» WHAT YOU WILL DO
Each line below from the "100 Acres Beach" line through the "valentine's day roses" line, those two included, must be restated word for word; the pictures must not be.

» STORED DATA

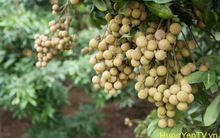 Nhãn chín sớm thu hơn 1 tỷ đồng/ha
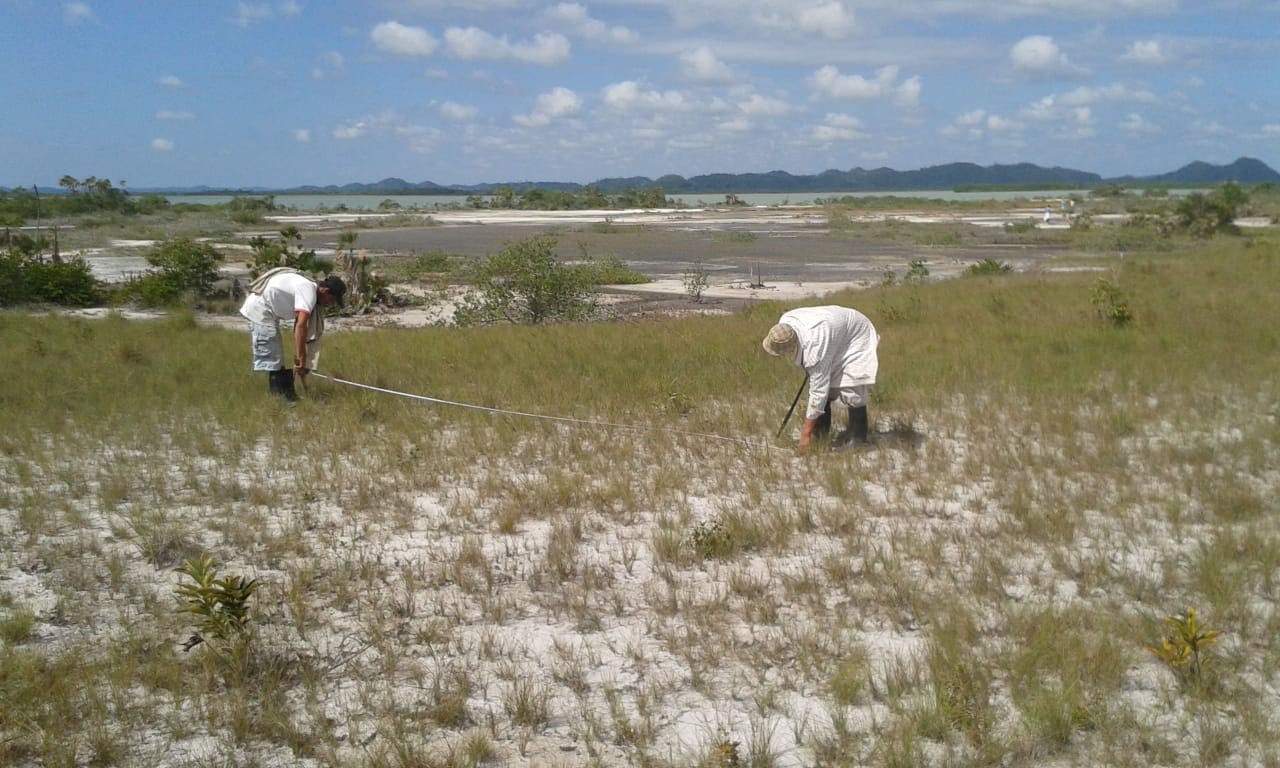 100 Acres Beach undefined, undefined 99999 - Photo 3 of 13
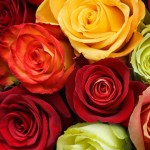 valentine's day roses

==

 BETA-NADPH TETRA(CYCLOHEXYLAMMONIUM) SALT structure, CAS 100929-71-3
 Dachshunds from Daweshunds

» SOLUTION BELOW
 100 Acres Beach undefined, undefined 99999 - Photo 3 of 13
 valentine's day roses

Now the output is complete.